Stratified sample Boys Height and Weight
From the boys graph you can see that the height is much less consistent than the girls there is a lot more variation in height compared to the girls and the data is more spread out. The scatter graph shows positive correlation and the line of best fit shows this clearly, the line of best fit is much steeper than the line of best fit in the girls scatter graph, Spearman’s rank correlation for the boy’s height and weight is 0.53 which means that there is fairly strong positive correlation and also that the correlation between height and weight in the boys is stronger than the girls.
Research from the Internet
I have included published results in my coursework to backup my hypothesis in proving it true and also help compare my results to published results to see how accurate my work is and how they differentiate.
The data in the graphs that are shown below comes from a cross sectional study that was performed during September to October 2005, on 606 Afghani pupils aged 6-14 years within Shahriar County of Tehran, province of Iran. The sample size included 312 (56.1%) boys and 284 (46.9%) girls who were originally recruited in order to determine their nutritional status.
Below is a graph which shows relation between height and weight of 606 Afghani pupils aged 6-14 years.
In this graph it clearly shows that there is a strong positive correlation. A clear line of best fit which runs through the data shows this clearly, the Spearman’s rank correlation is 0.8 which indicates that there is a positive strong relationship between these two variables. This implies that by increasing the heights of the pupils their weights are also increased to a large extent. The dots which have numbers next to them are some of the outliers.
Since other variables such as gender may confound the relationship between height and weight, two separate scatter plots were produced for boys and girls.
Below is a graph which shows relation between height and weight of 312 boys Afghani pupils aged 6-14 years
This diagram highlights that there is a positive strong relationship between these two variables in boys. The line of best fit is a clear positive increase. The Spearman’s rank correlation of the height and weight of the boys is 0.81 which means that there is really strong correlation.

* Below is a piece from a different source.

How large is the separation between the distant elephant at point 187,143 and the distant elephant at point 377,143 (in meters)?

Below is a graph which shows relation between height and weight of 284 girls Afghani pupils aged 6-14 years
This diagram highlights that there is a positive strong relationship between these two variables in girls. The line of best fit is a clear positive increase. The Spearman’s rank correlation of the height and weight of the girls is 0.79 which means that there is really strong correlation.

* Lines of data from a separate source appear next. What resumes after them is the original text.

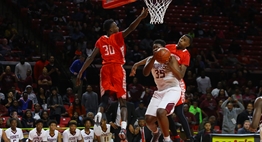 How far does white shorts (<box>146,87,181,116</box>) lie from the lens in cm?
930

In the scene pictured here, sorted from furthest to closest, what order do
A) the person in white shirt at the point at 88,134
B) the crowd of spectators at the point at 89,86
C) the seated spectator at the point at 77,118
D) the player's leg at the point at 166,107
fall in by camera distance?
the crowd of spectators at the point at 89,86 < the seated spectator at the point at 77,118 < the person in white shirt at the point at 88,134 < the player's leg at the point at 166,107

The boys scatter graph is overall more closer to the line of best fit than the scatter graph for the girls. The boys also have a higher Spearman’s rank correlation (0.81) compared to the girls (0.79) which shows that the correlation is stronger for the boys.

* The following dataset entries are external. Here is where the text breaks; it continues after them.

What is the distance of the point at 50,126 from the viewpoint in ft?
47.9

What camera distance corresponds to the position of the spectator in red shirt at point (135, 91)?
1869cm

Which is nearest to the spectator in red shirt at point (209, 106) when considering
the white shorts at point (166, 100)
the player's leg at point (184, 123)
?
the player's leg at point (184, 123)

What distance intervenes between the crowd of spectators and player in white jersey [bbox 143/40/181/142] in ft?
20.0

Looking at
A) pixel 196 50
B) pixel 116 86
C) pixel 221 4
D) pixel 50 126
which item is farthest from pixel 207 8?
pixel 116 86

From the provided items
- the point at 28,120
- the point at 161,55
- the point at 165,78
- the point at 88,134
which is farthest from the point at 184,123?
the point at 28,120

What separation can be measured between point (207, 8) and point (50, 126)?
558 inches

Source: http://www.me-jaa.com/mejaa21Mar2009/scatterplot.htm
Comparison between my stratified sample and research from the internet
My stratified sample which had the two genders combined height and weight showed positive correlation and so did the graph which was taken from the internet but the graph from the internet has a much higher Spearman's Rank Correlation as my graph had a Spearman’s Rank of 0.47 the graph from the internet had a Spearman’s rank of 0.8, the same with the boys height and weight graph and the girls height and weight graph, there are many factors to take into consideration like the fact that my sample only consisted of 60 students whereas the internet’s sample consisted of 606 students which would make their results more accurate, also the fact that students are overall more overweight in the UK compared to Afghanistan as very few students weight were over 55 kg in the sample from Afghanistan whereas the sample of the UK the heavier students were around 70 kg this can also be a reason why the sample from the internet has a stronger positive correlation, also the ages vary from 6 to 14 years in the sample from the internet whereas my sample has ages from 11 to 16 years, this can also be a reason why the internet sample is more closely correlated as less people may have reached the age of puberty and grown taller drastically, also the sample from the internet did not have equal proportions of boys and girls whereas my sample did, all of these reasons can be significant factors which can be the reason for the difference in the results.
Box Plots
I decided to do box plots to show the range and distribution of the height and weight separately between boys and girls. I used the data from my stratified sample to create the box plots below.
Weight Distribution between boys and girls
The Box plots show that the overall boy’s weight distribution is more spread out than the girl’s weight distribution. From the box plot we can see that the boys range is 49 kg whereas the girl’s weight range is 43 kg which means that the girls is more consistent. The lower quartile is 45 kg and the upper quartile is 63.25 kg which gives the inter quartile range of 18.25 kg for the boys whereas for the girls the lower quartile is 42 kg and the upper quartile is 54.25 which gives the inter quartile range of 12.25 kg, this means that the girls weight is more consistent than the boys. The median for the weight of boys is 58.5 kg and for the girls it is 49 kg, this shows that boys are over all heavier than the girls and this is reinforced by the fact that the mean is 55.33 kg for the boys and 48.8 kg for the girls. There are no outliers for both boys and girls in this set of data. The standard deviation is 10.86 kg for the boys and 9.10 kg for the girls although there’s not that much difference between the two it still shows that the girl’s data is more consistent towards the mean compared to the boys. The overall boy’s weight box plot has strong positive skew, whereas the girl’s weight distribution is weak positive skew if not nearly symmetrical distribution.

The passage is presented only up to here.